A national authority on school funding testified Thursday he’s seen no proof that putting more money into public education will lead to better outcomes.
Economist Eric Hanushek, senior fellow at the Hoover Institution at Stanford University, said he has reviewed some 400 studies correlating funding to student performance.
The vast majority, he said, “give us little reason to be confident that just putting money into the system will have any real impact.”
But then, under continued questioning by a state lawyer who called him as a friendly witness, Hanushek contradicted himself by saying, “There are times that it [money] does matter.”
Hanushek testified for the state government on the next-to-last day of an eight-week trial in which advocacy groups claimed New Mexico is shortchanging its students by inadequately funding public schools.

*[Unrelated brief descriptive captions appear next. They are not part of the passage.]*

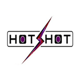 HotShot - SportDV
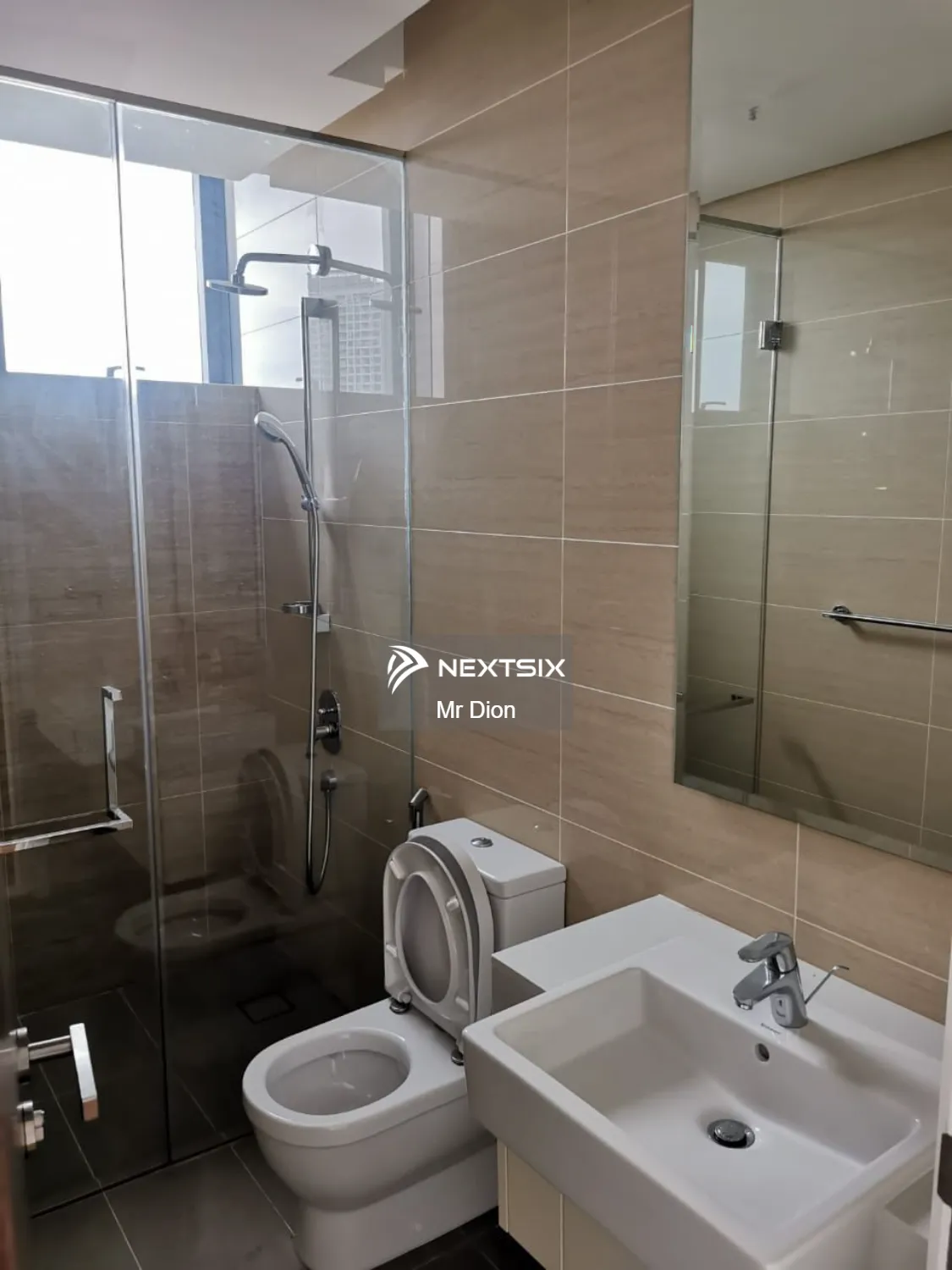 Condominium For Sale in Johor Bahru Johor - Image 14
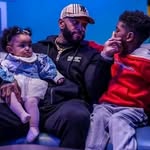 Philip - @philip.derrick08 - Instagram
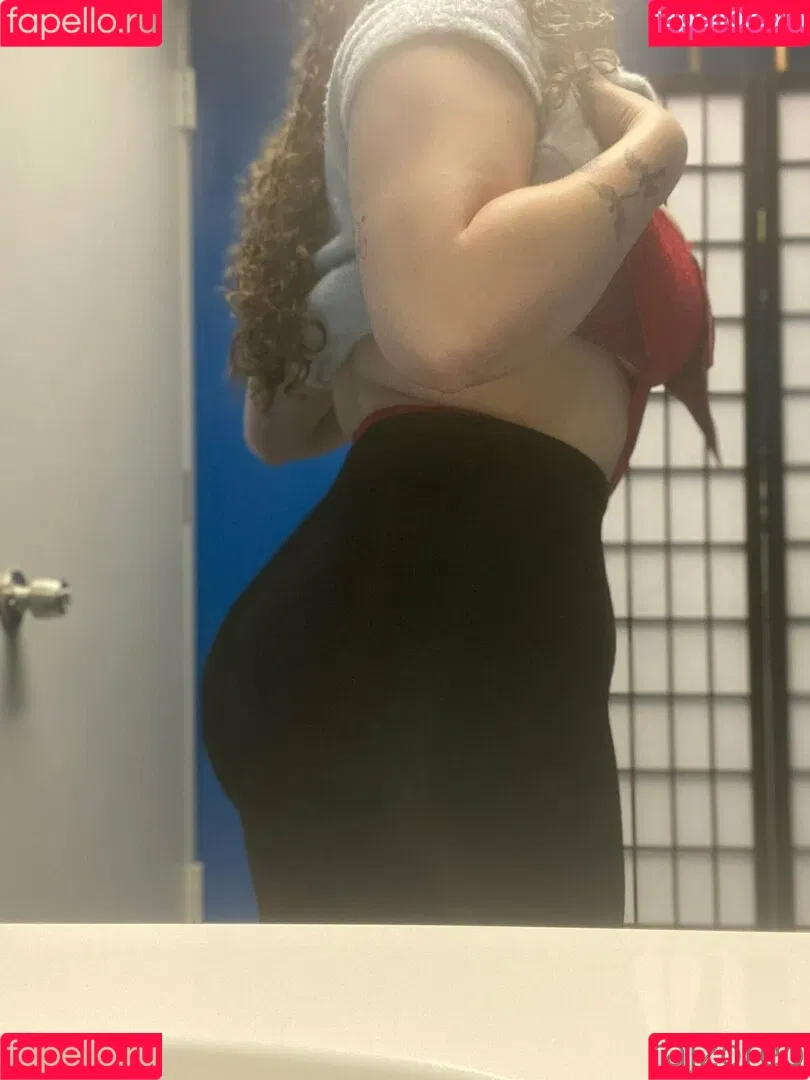 rajzoreo Onlyfans Photo Gallery 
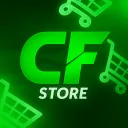 CF STORE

If the plaintiffs win, it could change the way the New Mexico Legislature funds public education.
Allowing for inflation, Hanushek said, the country since 1960 has quadrupled its per-pupil spending, yet national standardized test results for 17-year-olds show that their academic performance has remained flat.
“You would expect, with a quadrupling of resources, to see some improvement in outcomes,” Hanushek said.
His position echoed recent comments made by U.S. Education Secretary Betsy DeVos, who told a Senate subcommittee in June: “The notion that spending more money is going to bring about different results is ill-placed and ill-advised.”
Plaintiffs in the New Mexico case — a coalition of parents, students and school districts, including Santa Fe Public Schools — are asking for more resources for certain programs, and that would increase costs. They want state District Judge Sarah Singleton, who’s presiding in the trial, to order the state to enact reforms. These could include increasing access to pre-K programs, decreasing class sizes and boosting pay for teachers to keep them from bolting to jobs that pay more.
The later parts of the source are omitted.